Jorge L. Tizón, psiquiatra

¿Y cuándo llega la hostilidad? Cuando se alimenta la competición, la lucha por el dominio y el favoritismo progrupal —sea tribalismo, gremialismo, chovinismo o nacionalismo— hasta el paroxismo. Y cuando la dirección de individuos que pretenden sacar partido personal de las contiendas promocionan el desprecio y el odio a la otredad. Cuando se alimenta el miedo, “cortocircuitante de los procesos cognitivos”, lo que puede conducir al enfrentamiento, según Tizón.

Desertores y ‘cobardes’

En 1795, Kant lanzó la idea de declarar ilegal la guerra a escala universal, y el documento de Sevilla ya lo advierte: la guerra nace en la mente. Por eso, “actuando como si la guerra no fuera inevitable podremos prevenirla”, razona Cynthia Enloe, autora de Doce lecciones feministas sobre la guerra (RBA, febrero 2024). Para Enloe, afirmar que la guerra es ine­vitable supone no responsabilizar a nadie por destruir la paz, “una suposición peligrosa y profundamente militarizada, porque todas y cada una de las guerras han estallado debido a decisiones específicas de personas concretas, cada una de las cuales podría haber actuado de forma diferente”.

En esta oscura trama, la propaganda belicista esconde a los que huyen o a los que se niegan a disparar. Durante la II Guerra Mundial, el ejército alemán mató a 30.000 desertores y en la guerra civil americana la mitad de los soldados no usaron sus armas. Son sombras que rompen en mil pedazos el relato ordenado, en mando y coherencia, de la guerra.

Según los tres parámetros fundamentales de las guerras —frecuencia, duración y letalidad—, estas van disminuyendo. Cuando empezó la I Guerra Mundial se apuntaron más de dos millones de voluntarios, algo impensable ahora.

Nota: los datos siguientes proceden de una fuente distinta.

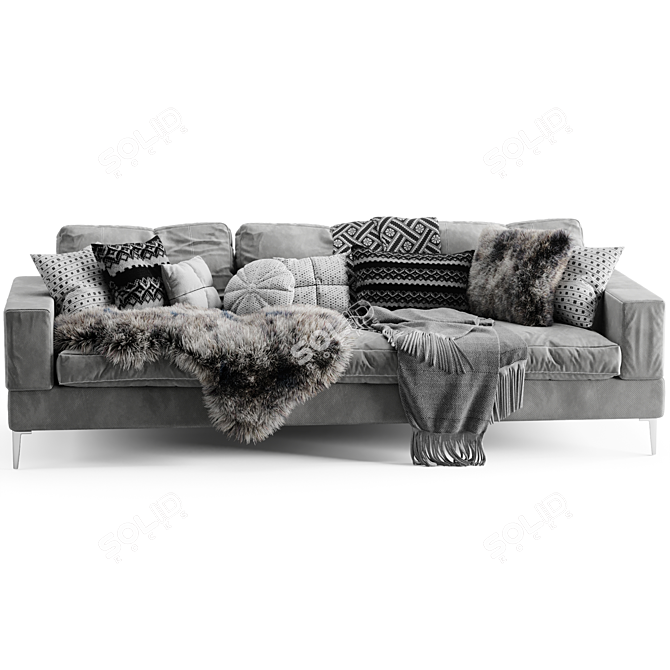 Elegant Capri Sofa: Modern Comfort & Style 3D model image 4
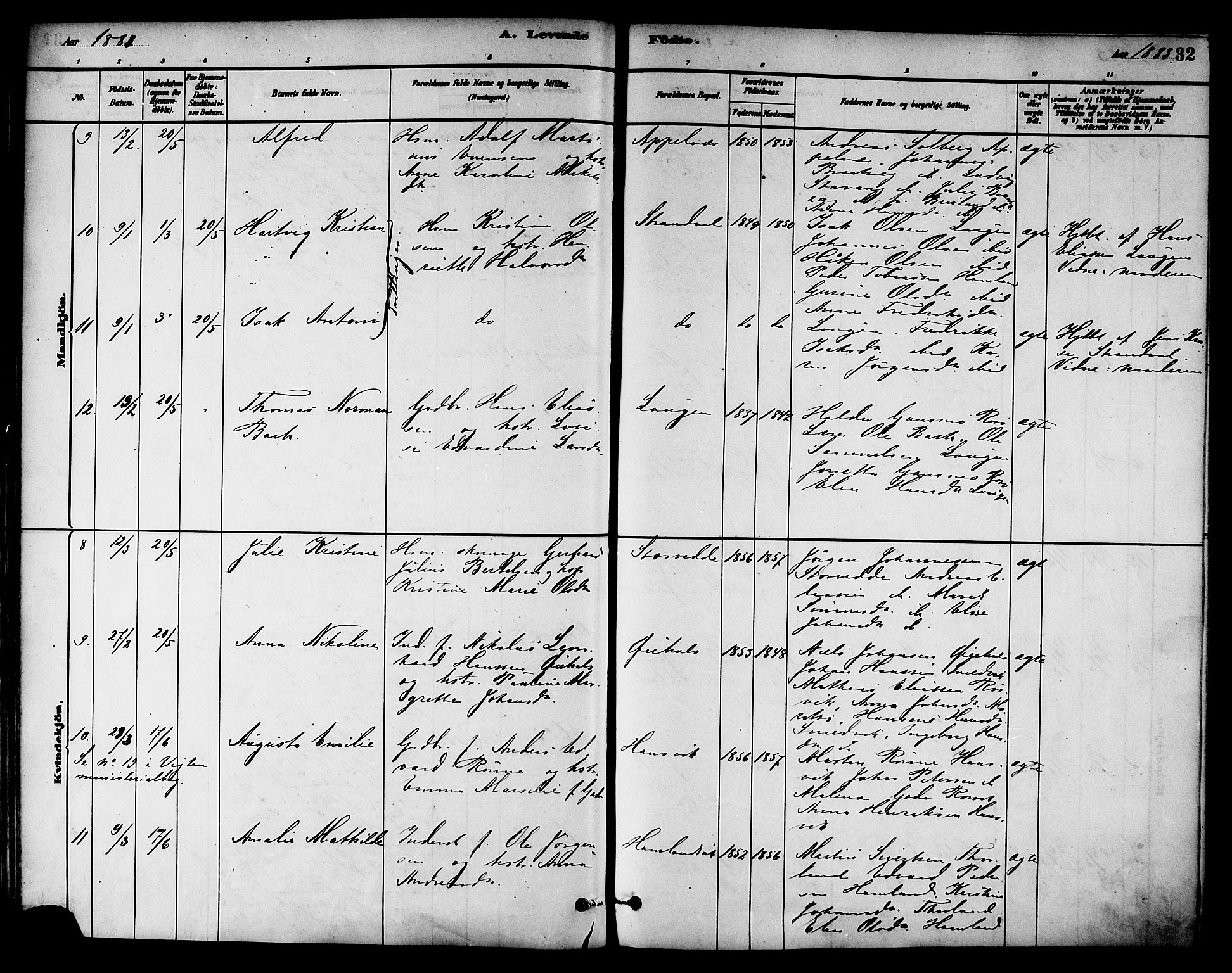 Ministerialprotokoller, klokkerbøker og fødselsregistre - Nord-Trøndelag, SAT/A-1458/784/L0672: Ministerialbok nr. 784A07, 1880-1887, s. 32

La historiadora británica Mary Beard argumentaba algo parecido hace poco: “No hemos resuelto el problema de la guerra o los crímenes, pero ya sabemos que eso no se hace. Hemos avanzado”.

La especie humana tiene una capacidad de mentalización comunitaria capaz de lo mejor y de lo peor. Están personas como el doctor palestino Mahmoud Abu Nujaila, de Médicos sin Fronteras, que murió en un bombardeo al hospital Al Awda, en Gaza, por su decisión de no abandonar a enfermos y heridos. “Hicimos lo que pudimos. Recordadnos”, dejó escrito en la pizarra para planificar cirugías.

Al otro lado del espejo está Adolf Hitler, quien en otoño de 1923, en la cervecería Bürgerbräukeller, en Múnich, sudoroso e iracundo —le llamaban “el caniche mojado” por eso—, enardeció de odio a las 50 personas allí presentes.

A ver qué camino seguimos. La declaración de Sevilla concluye que “la biología no condena a la humanidad a la guerra, y que la humanidad puede liberarse de la esclavitud del pesimismo biológico y capacitarse con confianza para emprender las tareas transformadoras”.